512MB RAM (PC133). Redhat 7.1, ModelSim SE 5.5e.
The files used for these tests are mounted via NFS from a common fileserver.
Once the simulation loads, network traffic is almost nil. On each platform
the simulation takes less than 200MB of RAM so there's no swapping. The
system load is 1.00 - no other processes apart from the usual OS overhead.
Running a 200 us simulation of an approx. 50K gate design in non-interactive
batch mode gives the following times:
A) 1098 sec
B) 1012 sec
C) 638 sec
Using http://www.spec.org, here's benchmarks for some sparc and x86 systems:
SPECint_base2000 SPECfp_base2000
Dell Precision Workstation 340 648 715
(2.0 GHz P4, 1/4M cache, PC800 RDRAM)
Sun Blade 1000 Model 1900 438 427
(900 MHz Ultrasparc III, 8M cache)
Asus A7V 438 348
(1.3 GHz Athlon, 1/4M cache, PC133 SDRAM)
Intel D815EEA2 421 258
(1.1 GHz P3, 1/4M cache, PC133 SDRAM)
Sun Ultra 10 133 126
(333 MHz Ultrasparc IIi, 2M cache)
Looking at the benchmarks for the Ultra 10 and the Pentium III and 4's, we
were hoping for about 3-4X performance improvement in simulation time.

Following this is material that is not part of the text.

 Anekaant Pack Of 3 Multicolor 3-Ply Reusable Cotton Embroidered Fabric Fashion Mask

Instead we're seeing about 1.6-1.8X.
If anybody here has used ModelSim on both x86 and sparc architectures and
could comment on the performance they observed, that'd be greatly
appreciated. Likewise if you've tried ModelSim on an Ultrasparc III, I'd
be interested to know how it compares to an older Sparc. We're a little
disappointed in the performance under Linux/x86 and wondering if we should
be evaluating some high end Sun products to get the performance we expected.
- Rainer Mueller
Oasis SiliconSystems AG Germany
---- ---- ---- ---- ---- ---- ----
> I've also noticed that VCS gives a speedup which scales somewhat with the
> MHz of the machine.
From: Tom Loftus <tloftus@intrinsix.com>
Hi, John,
Since I am in the middle of a puzzling sim performance problem, this topic
caught my interest so I thought I would throw in my two cents.

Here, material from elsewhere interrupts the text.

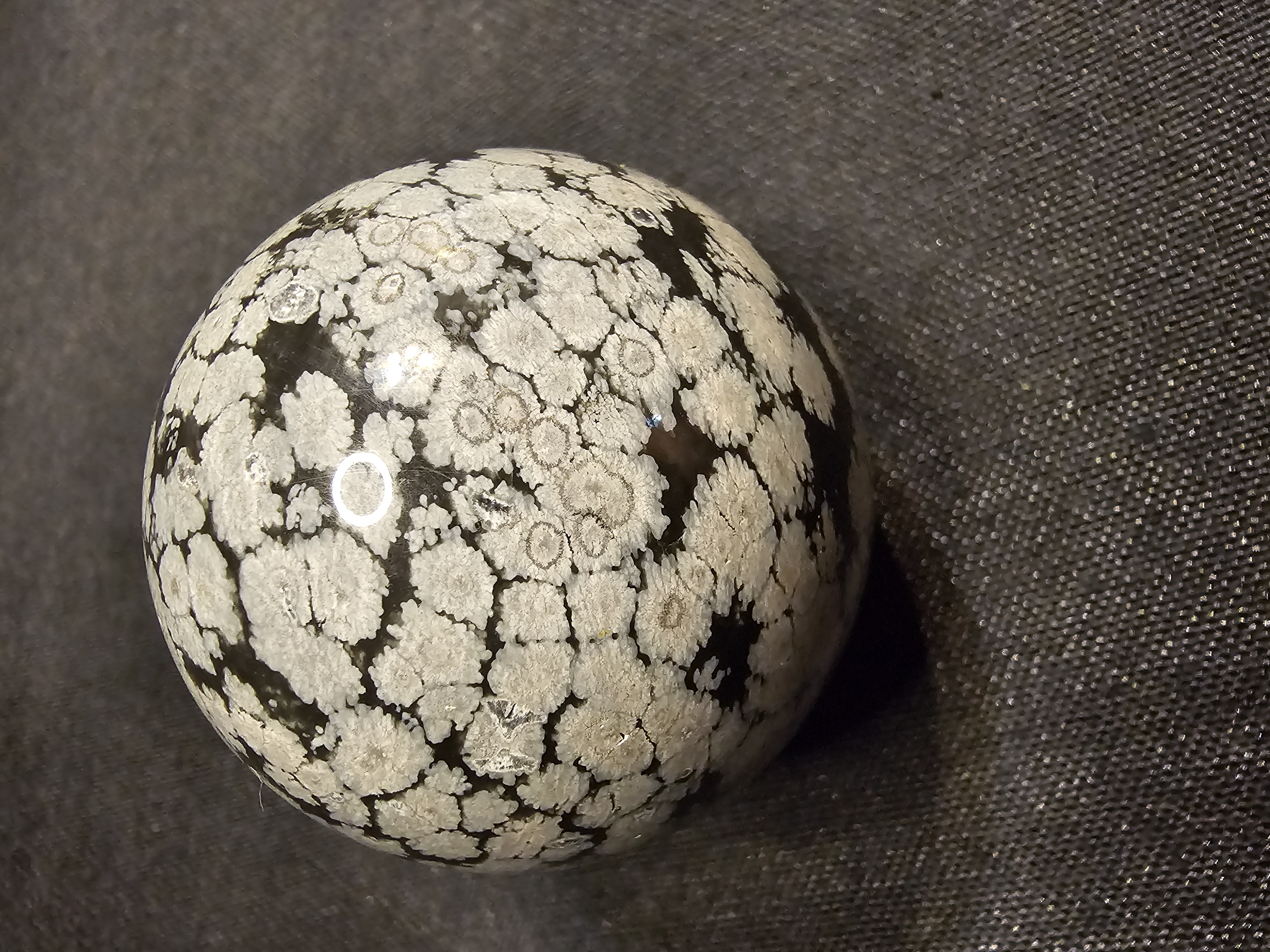 Stunning 2 inch Snowflake obsidian sphere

My experience is that synthesis jobs track CPU performance closer than
digital simulation jobs. My theory is that digital simulations do less
calculations and more random data accesses. This causes poor cache
performance and tends to saturate the CPU to memory datapath before the
CPU can be fully utilized.
I first ran into this several years ago when a former employer made the
mistake of buying Ultra-5 series workstations because they were cheaper
than the Ultra-30's. The CPU specs were comparable, but the memory
bandwidth was lower and the performance was poor. We returned them and
bought more Ultra-30's.
Fast, efficient compiled simulators like MTI and NC-Verilog when run on
workstations (or PC's) which use cheaper low bandwidth memory subsystems
will not perform very well, no matter what speed CPU you put in. Obviously,
swapping should be avoided in all cases as the performance is terrible.

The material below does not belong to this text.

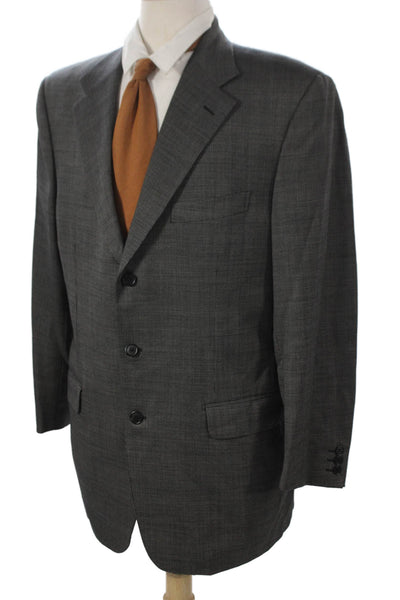 Trussini Mens Gray Wool Blazer Buttoned Size 52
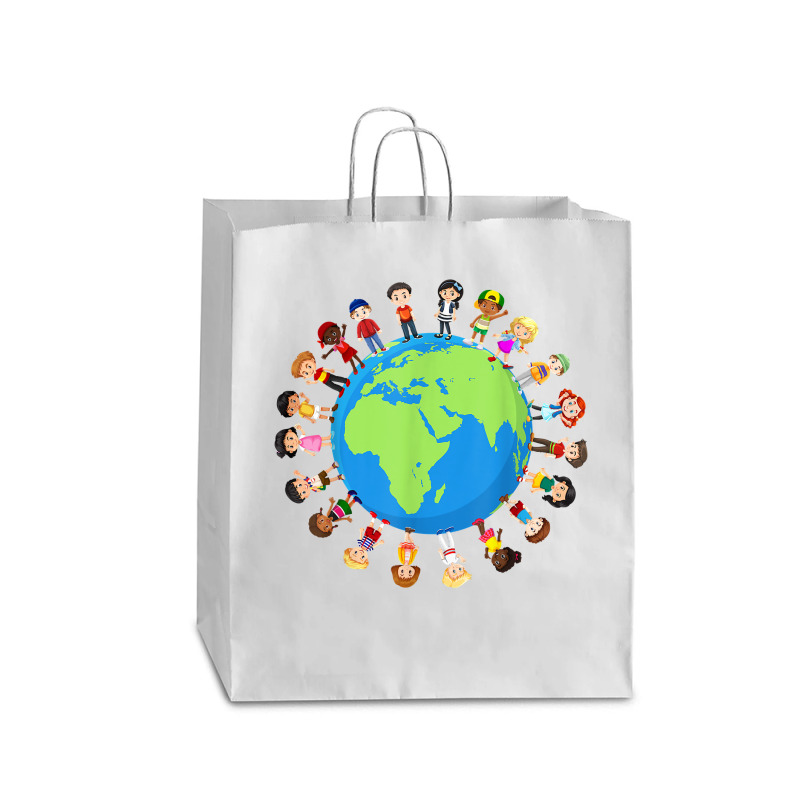 Earth Day Children Around The World Environmentalist T Shirt Queen Paper Bag - 16 X 6 X 19 1/4 | Artistshot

To answer the specific question raised, my experience has been that VCS is
slower than NC-Verilog and therefore would scale with CPU MHz until it also
reached the memory bottleneck whereas NC-Verilog is already there. It
wasn't clear from the post if the VCS and NC-Verilog jobs were the same.
- Tom Loftus
Intrinsix Corp. Rockville, MD
|
|